Extreme Agents are named characters. In these universes, all important events happen because one of a select few individuals made them happen. Extreme Agents are hyper-competent, unaffected by types of common failures that doom many of life's endeavors. They don't fail due to lack of tools, organization or cooperation. nor because of planning problems, or simply lacking the skills or wherewithal to succeed. Luke Skywalker will never be shot dead by random stormtroopers, nor will Sherlock Holmes fail to solve a case due to a lack of information.
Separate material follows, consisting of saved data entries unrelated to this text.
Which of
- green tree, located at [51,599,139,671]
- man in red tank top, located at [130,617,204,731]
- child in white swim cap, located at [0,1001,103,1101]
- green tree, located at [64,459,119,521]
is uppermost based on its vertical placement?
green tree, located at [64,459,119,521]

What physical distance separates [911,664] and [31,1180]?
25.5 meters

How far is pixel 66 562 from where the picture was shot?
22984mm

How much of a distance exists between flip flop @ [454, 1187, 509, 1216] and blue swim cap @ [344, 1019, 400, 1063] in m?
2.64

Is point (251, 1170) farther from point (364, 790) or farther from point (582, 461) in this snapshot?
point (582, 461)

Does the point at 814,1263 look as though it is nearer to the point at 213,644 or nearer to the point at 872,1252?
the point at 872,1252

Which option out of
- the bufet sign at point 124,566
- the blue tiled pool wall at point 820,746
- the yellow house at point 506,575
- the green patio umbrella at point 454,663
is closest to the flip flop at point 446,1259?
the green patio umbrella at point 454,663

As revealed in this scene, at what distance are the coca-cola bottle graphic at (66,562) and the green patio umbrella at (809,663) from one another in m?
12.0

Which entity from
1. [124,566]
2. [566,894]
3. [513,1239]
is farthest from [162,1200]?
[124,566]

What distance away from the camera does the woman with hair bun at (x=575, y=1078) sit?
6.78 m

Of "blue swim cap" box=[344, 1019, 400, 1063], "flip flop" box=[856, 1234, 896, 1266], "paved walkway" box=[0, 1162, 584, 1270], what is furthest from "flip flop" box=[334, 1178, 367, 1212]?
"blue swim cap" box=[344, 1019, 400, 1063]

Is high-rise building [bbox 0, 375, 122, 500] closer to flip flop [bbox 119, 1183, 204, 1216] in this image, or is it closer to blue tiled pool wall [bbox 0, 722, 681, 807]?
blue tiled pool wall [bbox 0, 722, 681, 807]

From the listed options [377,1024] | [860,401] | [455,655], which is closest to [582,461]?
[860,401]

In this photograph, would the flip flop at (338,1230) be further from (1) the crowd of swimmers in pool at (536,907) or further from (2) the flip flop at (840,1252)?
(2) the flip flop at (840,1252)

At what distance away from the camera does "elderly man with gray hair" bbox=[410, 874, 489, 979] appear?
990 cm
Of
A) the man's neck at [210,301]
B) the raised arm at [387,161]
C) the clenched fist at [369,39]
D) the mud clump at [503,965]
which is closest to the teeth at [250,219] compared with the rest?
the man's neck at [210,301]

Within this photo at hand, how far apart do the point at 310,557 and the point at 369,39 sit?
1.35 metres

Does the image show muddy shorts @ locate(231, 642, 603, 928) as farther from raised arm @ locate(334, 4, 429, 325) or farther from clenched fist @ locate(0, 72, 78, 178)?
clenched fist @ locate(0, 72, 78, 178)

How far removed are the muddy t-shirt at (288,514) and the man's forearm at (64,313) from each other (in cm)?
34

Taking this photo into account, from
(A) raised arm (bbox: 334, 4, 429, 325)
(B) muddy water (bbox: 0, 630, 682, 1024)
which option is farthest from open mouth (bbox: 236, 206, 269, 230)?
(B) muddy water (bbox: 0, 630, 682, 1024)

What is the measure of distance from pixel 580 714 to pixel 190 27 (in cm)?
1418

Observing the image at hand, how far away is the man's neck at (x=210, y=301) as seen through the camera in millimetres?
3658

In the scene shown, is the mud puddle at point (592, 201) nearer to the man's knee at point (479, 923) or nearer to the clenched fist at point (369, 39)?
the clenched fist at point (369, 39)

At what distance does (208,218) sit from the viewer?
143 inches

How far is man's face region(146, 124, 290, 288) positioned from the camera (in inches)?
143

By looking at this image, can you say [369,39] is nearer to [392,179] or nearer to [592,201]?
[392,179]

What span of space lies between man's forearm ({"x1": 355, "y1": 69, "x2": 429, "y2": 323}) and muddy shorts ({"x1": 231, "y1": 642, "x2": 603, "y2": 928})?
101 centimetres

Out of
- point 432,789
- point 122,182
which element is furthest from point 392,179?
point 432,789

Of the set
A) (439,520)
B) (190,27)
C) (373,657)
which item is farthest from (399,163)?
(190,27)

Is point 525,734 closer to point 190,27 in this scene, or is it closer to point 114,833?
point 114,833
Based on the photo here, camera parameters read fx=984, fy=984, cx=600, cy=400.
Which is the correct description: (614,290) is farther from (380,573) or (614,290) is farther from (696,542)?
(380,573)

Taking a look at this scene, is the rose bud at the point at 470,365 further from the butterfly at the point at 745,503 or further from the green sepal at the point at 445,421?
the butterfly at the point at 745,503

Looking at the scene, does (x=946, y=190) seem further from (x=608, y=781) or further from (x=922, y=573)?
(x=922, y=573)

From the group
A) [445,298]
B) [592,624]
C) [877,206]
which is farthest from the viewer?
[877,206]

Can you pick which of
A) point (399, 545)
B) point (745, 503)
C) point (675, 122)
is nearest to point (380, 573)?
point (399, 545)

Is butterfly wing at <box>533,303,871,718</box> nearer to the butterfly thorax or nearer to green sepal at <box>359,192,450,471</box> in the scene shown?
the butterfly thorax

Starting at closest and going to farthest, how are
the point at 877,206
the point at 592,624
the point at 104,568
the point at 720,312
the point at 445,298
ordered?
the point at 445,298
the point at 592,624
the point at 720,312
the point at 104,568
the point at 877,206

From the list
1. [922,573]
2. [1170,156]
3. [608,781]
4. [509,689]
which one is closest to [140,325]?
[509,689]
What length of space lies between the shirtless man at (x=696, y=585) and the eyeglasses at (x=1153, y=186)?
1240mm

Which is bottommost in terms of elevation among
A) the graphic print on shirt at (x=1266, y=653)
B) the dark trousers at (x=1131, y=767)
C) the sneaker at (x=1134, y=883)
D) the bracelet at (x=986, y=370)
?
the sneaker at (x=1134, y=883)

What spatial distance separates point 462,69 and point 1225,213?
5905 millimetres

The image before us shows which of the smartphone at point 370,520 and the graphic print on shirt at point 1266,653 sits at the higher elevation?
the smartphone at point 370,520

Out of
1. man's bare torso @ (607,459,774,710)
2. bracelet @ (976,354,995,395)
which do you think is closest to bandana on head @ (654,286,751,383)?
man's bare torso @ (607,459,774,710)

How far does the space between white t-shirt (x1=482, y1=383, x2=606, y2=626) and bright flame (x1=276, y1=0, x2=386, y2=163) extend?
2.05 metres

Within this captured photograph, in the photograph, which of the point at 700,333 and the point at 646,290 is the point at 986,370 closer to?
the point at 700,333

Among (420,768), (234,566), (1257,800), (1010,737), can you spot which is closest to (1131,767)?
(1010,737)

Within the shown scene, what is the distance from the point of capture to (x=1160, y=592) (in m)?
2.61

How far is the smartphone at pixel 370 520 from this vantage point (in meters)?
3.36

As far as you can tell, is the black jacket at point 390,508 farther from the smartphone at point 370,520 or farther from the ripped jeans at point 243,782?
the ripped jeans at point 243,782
In fact, the only thing that can stop an extreme agent is another extreme agent. In the case of Dune this is best exemplified in the idea of 'plots within plots within plots', like a chess game in which one player makes a move and the opponent responds until one side is defeated. It is clear in Red Rising as well. In Patrick Rothfuss's Kingkiller Chronicle Kvothe's agency is so strong it seems at times that only he himself is capable of standing in his own way.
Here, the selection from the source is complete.